Cambodia National Rescue Party (CNRP) representative Sam An received the punishment – which also included having his parliamentary salary halved for two months – in an order signed by Samrin on Thursday, following a July 14 post by Sam An on Facebook criticising Samrin.
In the post, Sam An claimed Samrin had failed to forward a July 6 letter signed by several opposition members to Prime Minister Hun Sen urging the border demarcation process with Vietnam to be halted.
The post also saw him indirectly call Samrin a “yuon”– a term for Vietnamese people widely considered derogatory and sometimes thrown at members of the government by critics of apparent inaction on border issues.
Sam An’s punishment was doled out by the National Assembly’s Standing Committee, which ruled he had violated Article 87 of the constitution, Article 5 of the Civil Servant Status Law and articles 77 and 78 of the internal regulations of the assembly.

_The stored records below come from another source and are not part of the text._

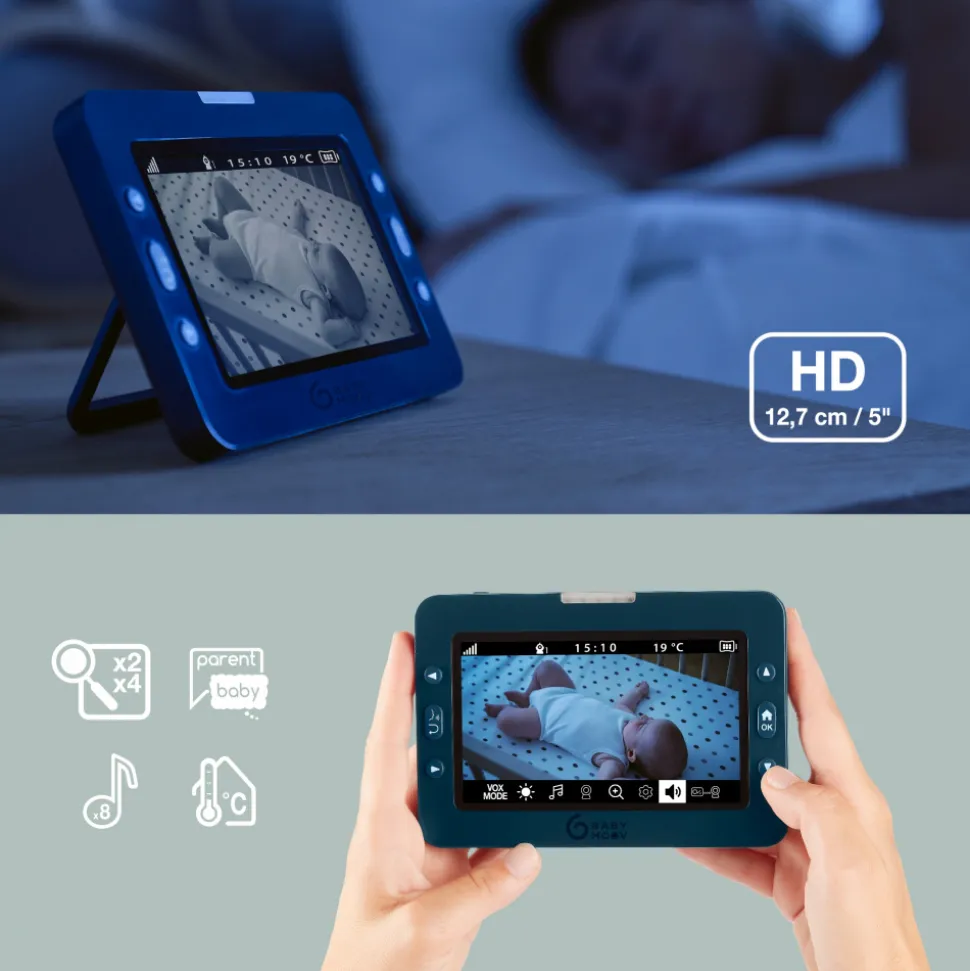 Babyphone vidéo yoo master+ hd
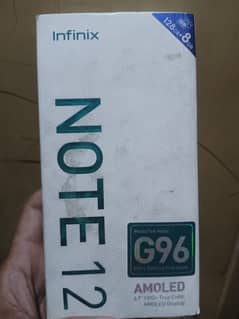 Infinix Note 12 g96 blue
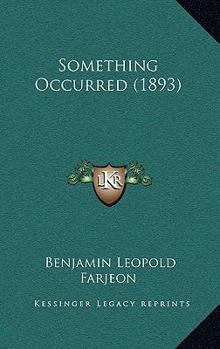 Paperback Something Occurred (1893) Book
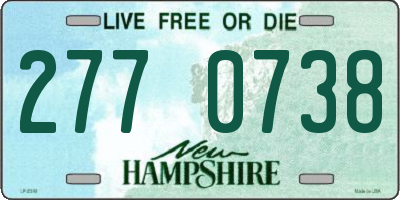 NH license plate 2770738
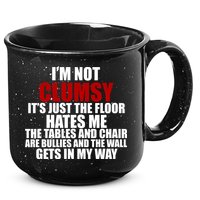 I'm Not Clumsy It's Just The Flor Hates Me Funny 15oz Campfire Ceramic Mug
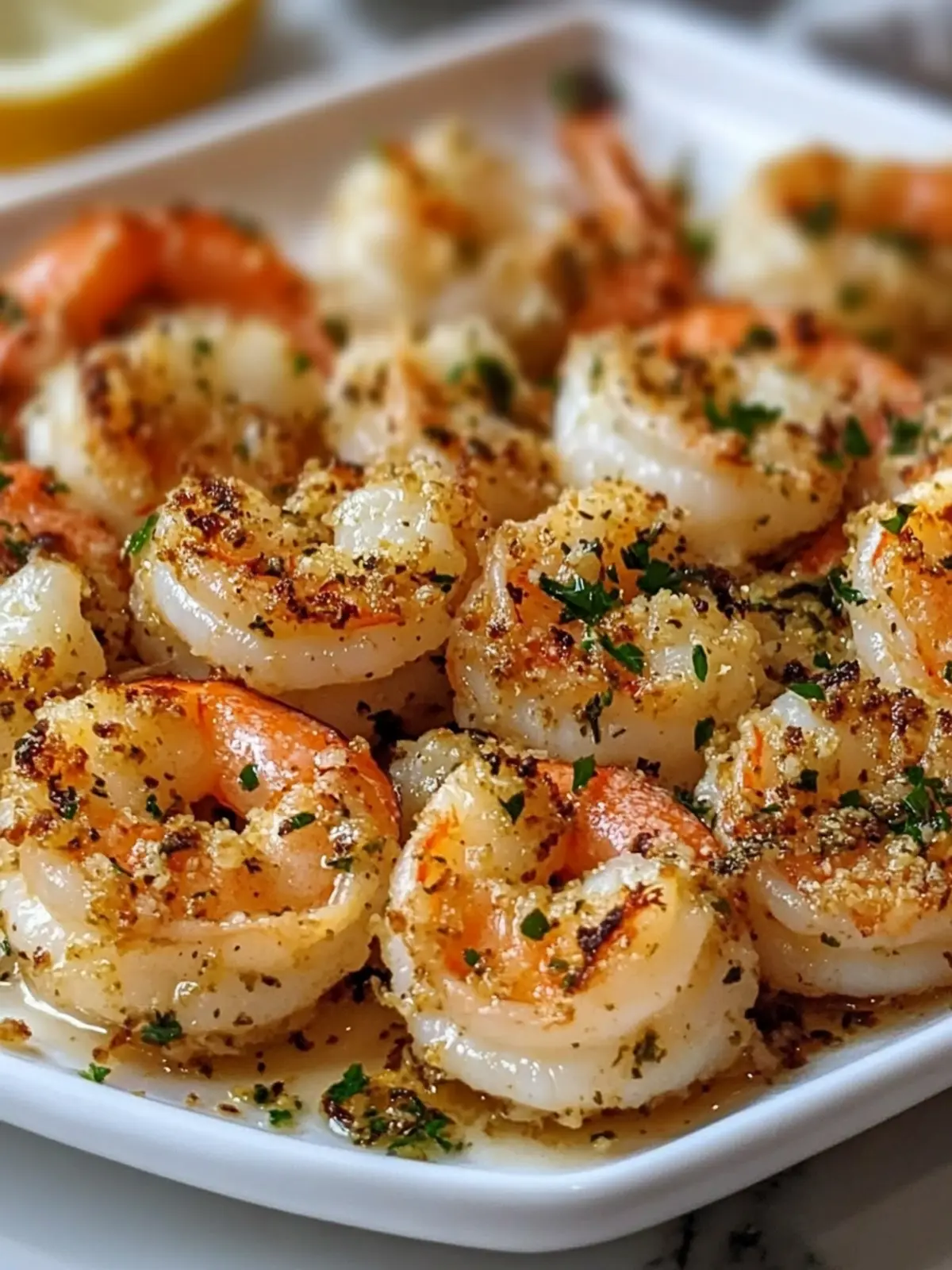 Baked Garlic Parmesan Shrimp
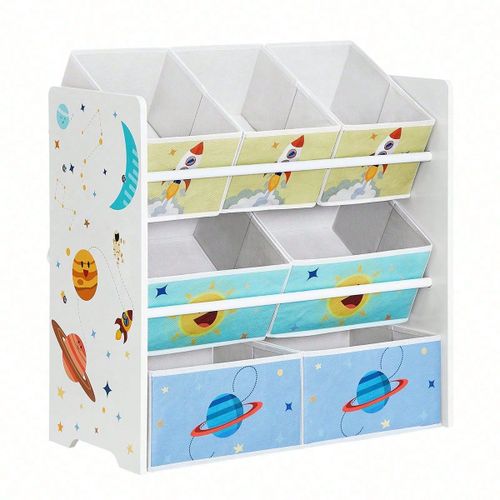 Étagère pour chambre d'enfants, Blanc Gkr034w01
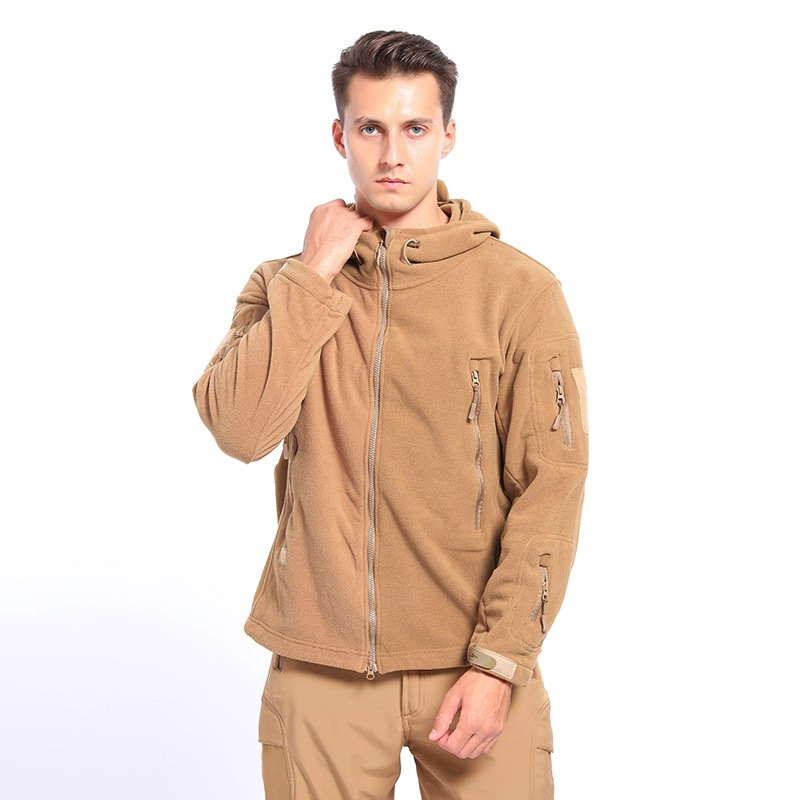S-SHAPER Men's Full-Zip Soft Shell Winter Jacket Supplier, Waterproof Fleece Lined Athletic Jacket, Outdoor Sport Windproof Jackets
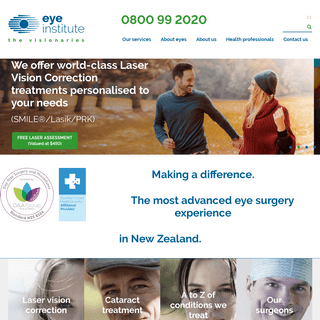 A complete backup of eyeinstitute.co.nz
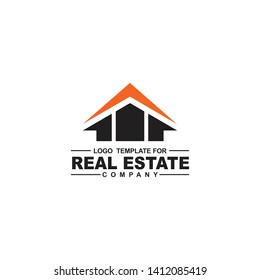 Real estate home logo design vector template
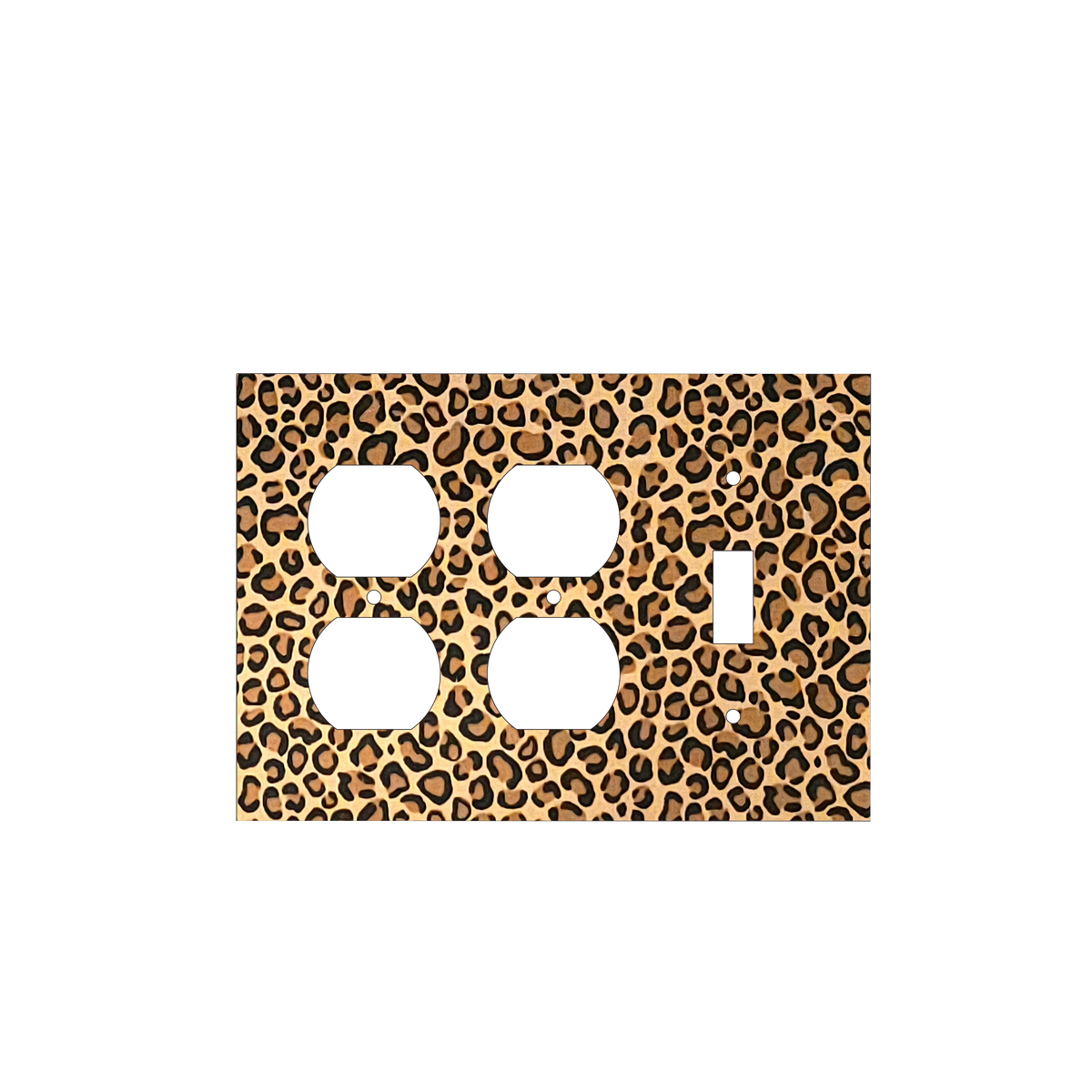Untamed Elegance Decorative Light Switch Cover | Leopard Print Power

Speaking yesterday, Sam An denied reports in local press that he had apologised to Samrin, instead saying he was right to criticise Samrin over the failure to pass on the letter, but that his wording was ill-conceived.
“I have used unsuitable words against him, but I am not wrong,” he said.
“If we continue fighting, we will really lose out [on the border issue].”
While Sam An has called for a compromise to be reached over his remarks, ruling Cambodian People’s Party lawmaker and National Assembly spokesman Cheang Vun stood by the punishment.
“The Standing Committee thinks he is wrong,” he said yesterday.
“I would like to tell him that he needs to use words a bit more carefully.”
The punishment was issued less than a week after Sam An and three other CNRP lawmakers staged a rally of some 2,000 supporters near the Vietnamese border in Svay Rieng province, leading more than 100 people to disputed Border Post 203.
The CNRP and local communities claim the border post is set hundreds of metres into Cambodian territory, with Vietnam apparently attempting to maintain the frontier where it is currently marked with a road currently under construction.
The CNRP has repeatedly called for all border demarcation to be halted until a proper review of the border can be carried out.